Hagar’s Daughter’s culminating court-house scene destabilizes gendered, racialized, and generic conventions, shifting roles of active heroism from white to Black characters. Not only does General Benson kidnap Jewel Bowen to marry her and attain her fortune, but he kills Elise Bradford, a witness to his scheming and mother of his illegitimate child. Aunt Henny, a domestic worker in the White House, witnesses Benson’s villainy and “faint[s] with horror at the tragedy of the night” (Hopkins 262). While Aunt Henny’s reaction recalls exaggerated generic conventions of the sentimental gothic, her sentimentality reverses white supremacist notions of Black emotional inferiority. Aunt Henny’s participation in the courthouse as “the most important witness” to gendered, racialized villainy further establishes her role as an active and knowledgeable heroine (Hopkins 259).

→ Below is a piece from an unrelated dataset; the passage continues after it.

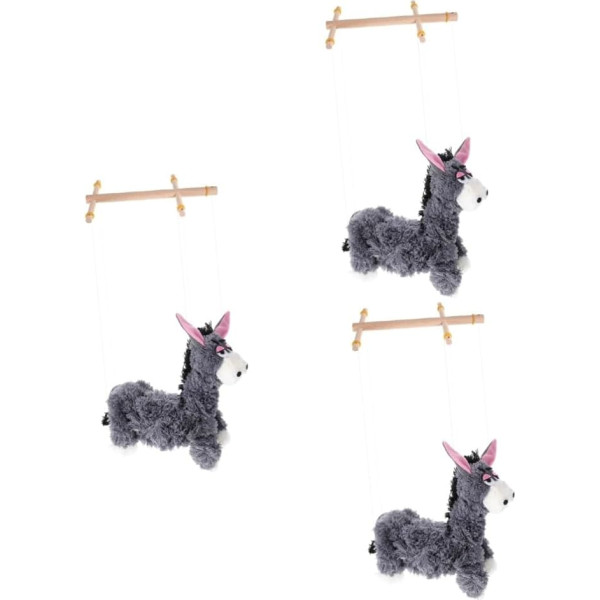 VICASKY Pack of 3 Donkey Puppet Clown Doll, Clown Hand Puppet, Doll Poles, Puppet Cushion, Puppet Eyes, Animals, Puppet, Puppet, Puppet, Funny Animal Figures for Crafts, Plush Grey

Hopkins utilization of Victorian detective narrative disrupts colorist literary representations of heroism while valorizing the preservation of history. American information dissemination systems continue to minimize and obscurify the effects of white supremacy in our nation. Venus, Aunt Henny’s dark-skinned granddaughter, conceals herself through cross-dressing and sneaks around Washington and its surrounding plantations in search of her grandmother’s whereabouts. Without Venus’s intelligence, resourcefulness, and sleuthing, Hagar, Jewel, Aunt Henny, and Aurelia would be forced into lives of destitution and degradation. Furthermore, Venus’s sleuthing reveals a historical reality in which white politicians utilize racial institutions to ruin lives, as the novel’s villains are “known in society, having the entrée to the best houses” (Hopkins 259). More significantly, the court-house scene reverses the “”mammy” caricature” in which enslavers compartmentalized personal feelings of affection for Black female caretakers through exceptionalizing her “supposed intimate involvement in all aspects of domestic life in the Big House” (White 48). Aunt Henny’s connection to the Big House takes on a subversive role, as she politicizes her knowledge of unearthed history in a successful search for justice. Hopkins’s shifting of active heroism onto a family of Black characters is a final nail in the coffin of nineteenth century literature that favors light-skinned protagonists and heroes.
Gothic literature, utilized expertly by authors such as Pauline Hopkins, allows the writer to explore societal issues through symbols and metaphors as well as realist descriptions of historically accurate events and injustices. Although printed sources of entertainment, such as novels, magazines, and newspapers are losing technological relevance within our rapidly advancing techno-culture, the American news cycle’s internet and televised presence is a modern and relevant site of the dissemination of knowledge, violence, and spectacle. Despite the media’s collective misrepresentation of our American ’Culture and history, Pauline Hopkins’s fiction and magazine reminds us how invaluable unbiased representation, family, and history can be in the face of political subjugation.